TASK STATEMENT
Below are some records; quote exactly the lines from the one that contains "Valentino Silk Long-Sleeved Shirt" through the one that contains "Meiji era Mandala", inclusive, and no others.

--- EXERCISE INPUTS Enclosed Below ---

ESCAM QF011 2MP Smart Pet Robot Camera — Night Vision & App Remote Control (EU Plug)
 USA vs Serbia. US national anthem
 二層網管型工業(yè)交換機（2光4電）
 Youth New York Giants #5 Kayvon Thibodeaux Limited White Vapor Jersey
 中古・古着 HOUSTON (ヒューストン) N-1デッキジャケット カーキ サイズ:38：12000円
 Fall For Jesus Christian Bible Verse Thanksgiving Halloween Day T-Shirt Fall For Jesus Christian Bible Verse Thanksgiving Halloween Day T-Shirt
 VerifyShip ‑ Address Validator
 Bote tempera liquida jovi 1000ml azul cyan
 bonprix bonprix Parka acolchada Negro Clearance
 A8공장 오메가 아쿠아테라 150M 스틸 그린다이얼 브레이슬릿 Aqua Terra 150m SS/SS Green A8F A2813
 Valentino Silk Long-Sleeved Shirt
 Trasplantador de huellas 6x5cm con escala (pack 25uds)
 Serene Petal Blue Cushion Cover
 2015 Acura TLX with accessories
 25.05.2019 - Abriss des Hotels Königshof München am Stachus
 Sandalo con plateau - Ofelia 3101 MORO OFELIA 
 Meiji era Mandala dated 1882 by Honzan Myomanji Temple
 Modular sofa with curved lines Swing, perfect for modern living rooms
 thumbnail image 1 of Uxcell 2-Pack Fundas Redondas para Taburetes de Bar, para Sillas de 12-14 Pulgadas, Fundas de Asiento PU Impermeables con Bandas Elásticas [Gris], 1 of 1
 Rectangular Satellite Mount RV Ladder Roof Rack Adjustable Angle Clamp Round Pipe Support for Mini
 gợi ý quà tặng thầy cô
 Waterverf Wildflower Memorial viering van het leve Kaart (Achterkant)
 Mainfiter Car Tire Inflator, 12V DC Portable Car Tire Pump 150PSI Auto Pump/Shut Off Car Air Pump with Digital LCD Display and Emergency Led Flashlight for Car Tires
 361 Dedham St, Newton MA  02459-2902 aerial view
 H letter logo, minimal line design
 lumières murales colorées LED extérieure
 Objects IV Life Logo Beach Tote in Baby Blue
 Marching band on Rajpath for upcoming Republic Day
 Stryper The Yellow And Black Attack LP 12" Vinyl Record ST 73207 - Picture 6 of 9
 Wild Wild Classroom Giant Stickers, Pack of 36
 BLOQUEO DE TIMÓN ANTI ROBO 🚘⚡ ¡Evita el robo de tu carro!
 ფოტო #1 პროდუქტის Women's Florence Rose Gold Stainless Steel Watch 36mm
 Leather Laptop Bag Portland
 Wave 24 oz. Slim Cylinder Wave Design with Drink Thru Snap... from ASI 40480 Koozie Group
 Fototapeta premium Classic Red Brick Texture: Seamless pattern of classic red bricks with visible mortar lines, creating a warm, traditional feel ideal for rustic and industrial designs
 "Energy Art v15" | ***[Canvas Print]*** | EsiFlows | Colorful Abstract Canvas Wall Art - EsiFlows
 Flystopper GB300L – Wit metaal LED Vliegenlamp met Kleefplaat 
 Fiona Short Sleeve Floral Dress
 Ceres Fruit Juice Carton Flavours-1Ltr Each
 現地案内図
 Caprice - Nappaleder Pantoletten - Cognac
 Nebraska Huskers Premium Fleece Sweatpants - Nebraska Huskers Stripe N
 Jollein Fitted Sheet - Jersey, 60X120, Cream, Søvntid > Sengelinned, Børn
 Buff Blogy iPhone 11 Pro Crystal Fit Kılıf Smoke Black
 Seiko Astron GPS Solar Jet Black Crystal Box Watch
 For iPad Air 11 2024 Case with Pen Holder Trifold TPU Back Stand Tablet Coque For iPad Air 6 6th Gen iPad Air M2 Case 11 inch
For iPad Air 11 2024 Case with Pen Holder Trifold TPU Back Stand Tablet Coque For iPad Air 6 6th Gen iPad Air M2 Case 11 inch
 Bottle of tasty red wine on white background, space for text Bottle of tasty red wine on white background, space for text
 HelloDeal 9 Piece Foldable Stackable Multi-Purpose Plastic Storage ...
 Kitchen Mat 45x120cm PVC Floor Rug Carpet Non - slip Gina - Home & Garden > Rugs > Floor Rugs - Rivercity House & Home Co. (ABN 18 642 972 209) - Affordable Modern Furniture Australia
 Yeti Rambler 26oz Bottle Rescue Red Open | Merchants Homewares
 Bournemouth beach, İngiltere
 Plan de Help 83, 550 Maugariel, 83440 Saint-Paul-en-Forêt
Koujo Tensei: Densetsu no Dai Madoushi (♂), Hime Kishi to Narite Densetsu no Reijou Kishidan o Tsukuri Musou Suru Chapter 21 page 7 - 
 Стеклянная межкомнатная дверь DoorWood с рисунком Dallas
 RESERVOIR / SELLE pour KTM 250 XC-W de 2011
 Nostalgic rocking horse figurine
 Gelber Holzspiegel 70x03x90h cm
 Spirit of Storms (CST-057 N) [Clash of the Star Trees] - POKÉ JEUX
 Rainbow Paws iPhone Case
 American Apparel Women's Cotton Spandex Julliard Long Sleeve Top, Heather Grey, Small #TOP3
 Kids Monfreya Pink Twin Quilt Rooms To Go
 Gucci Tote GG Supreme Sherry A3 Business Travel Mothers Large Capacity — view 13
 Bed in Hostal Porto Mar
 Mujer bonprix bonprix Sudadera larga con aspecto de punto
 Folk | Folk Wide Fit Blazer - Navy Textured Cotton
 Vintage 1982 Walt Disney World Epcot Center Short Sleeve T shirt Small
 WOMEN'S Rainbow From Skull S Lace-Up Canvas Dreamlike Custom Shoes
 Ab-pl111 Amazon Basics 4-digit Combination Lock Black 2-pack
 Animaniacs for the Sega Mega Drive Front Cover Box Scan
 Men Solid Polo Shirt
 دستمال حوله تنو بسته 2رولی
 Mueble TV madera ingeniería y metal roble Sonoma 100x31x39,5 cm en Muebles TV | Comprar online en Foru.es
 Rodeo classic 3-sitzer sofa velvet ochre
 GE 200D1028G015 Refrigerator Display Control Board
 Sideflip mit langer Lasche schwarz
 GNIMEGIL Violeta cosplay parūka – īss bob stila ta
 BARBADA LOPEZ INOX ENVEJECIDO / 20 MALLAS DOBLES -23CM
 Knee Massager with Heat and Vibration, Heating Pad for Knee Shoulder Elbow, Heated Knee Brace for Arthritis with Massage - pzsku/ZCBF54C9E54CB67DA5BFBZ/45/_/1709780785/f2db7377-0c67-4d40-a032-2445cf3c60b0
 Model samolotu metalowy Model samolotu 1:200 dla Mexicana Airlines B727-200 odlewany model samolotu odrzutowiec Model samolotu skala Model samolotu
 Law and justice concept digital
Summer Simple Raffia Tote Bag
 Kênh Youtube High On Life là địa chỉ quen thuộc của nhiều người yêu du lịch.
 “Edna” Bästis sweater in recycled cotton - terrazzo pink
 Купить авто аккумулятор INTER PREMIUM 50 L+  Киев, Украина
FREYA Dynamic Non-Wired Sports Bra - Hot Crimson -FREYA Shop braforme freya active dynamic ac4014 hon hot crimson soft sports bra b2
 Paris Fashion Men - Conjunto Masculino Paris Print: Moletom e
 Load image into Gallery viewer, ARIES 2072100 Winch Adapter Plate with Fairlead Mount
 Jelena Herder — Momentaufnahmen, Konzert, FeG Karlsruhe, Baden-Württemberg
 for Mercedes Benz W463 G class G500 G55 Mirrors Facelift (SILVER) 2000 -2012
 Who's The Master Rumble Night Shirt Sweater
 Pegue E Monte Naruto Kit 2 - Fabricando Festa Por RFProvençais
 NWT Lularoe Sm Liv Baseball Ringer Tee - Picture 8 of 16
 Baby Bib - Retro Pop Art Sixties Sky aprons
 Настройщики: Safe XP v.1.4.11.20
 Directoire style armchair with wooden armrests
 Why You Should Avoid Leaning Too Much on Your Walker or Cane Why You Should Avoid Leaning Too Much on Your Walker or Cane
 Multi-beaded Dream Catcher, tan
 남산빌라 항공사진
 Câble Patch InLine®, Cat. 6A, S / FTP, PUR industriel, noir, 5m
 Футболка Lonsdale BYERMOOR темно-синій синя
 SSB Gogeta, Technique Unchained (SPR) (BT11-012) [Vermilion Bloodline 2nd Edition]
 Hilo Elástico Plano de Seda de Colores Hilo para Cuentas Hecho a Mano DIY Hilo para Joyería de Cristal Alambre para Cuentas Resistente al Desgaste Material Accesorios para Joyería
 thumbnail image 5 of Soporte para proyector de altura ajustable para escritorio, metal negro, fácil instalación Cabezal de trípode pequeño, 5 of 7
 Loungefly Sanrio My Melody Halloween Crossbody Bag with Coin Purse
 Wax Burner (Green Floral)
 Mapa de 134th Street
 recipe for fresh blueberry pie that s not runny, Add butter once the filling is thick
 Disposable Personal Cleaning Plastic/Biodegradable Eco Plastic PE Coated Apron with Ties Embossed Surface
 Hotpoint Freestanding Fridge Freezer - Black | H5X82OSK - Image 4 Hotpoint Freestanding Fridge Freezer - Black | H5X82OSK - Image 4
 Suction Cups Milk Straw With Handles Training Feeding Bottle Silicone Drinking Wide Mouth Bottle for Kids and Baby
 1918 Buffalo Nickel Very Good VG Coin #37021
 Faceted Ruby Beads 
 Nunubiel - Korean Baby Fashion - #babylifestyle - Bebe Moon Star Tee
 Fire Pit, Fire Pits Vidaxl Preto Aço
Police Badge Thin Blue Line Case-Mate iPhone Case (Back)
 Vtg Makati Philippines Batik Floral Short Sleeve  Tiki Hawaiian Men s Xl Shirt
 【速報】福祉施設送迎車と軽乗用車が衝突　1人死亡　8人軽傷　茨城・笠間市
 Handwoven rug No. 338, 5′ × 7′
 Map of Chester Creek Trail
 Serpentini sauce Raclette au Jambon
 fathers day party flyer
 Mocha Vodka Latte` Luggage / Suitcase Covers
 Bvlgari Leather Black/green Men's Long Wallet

--- End of Enclosed EXERCISE INPUTS ---

WORKED SOLUTION
 Valentino Silk Long-Sleeved Shirt
 Trasplantador de huellas 6x5cm con escala (pack 25uds)
 Serene Petal Blue Cushion Cover
 2015 Acura TLX with accessories
 25.05.2019 - Abriss des Hotels Königshof München am Stachus
 Sandalo con plateau - Ofelia 3101 MORO OFELIA 
 Meiji era Mandala dated 1882 by Honzan Myomanji Temple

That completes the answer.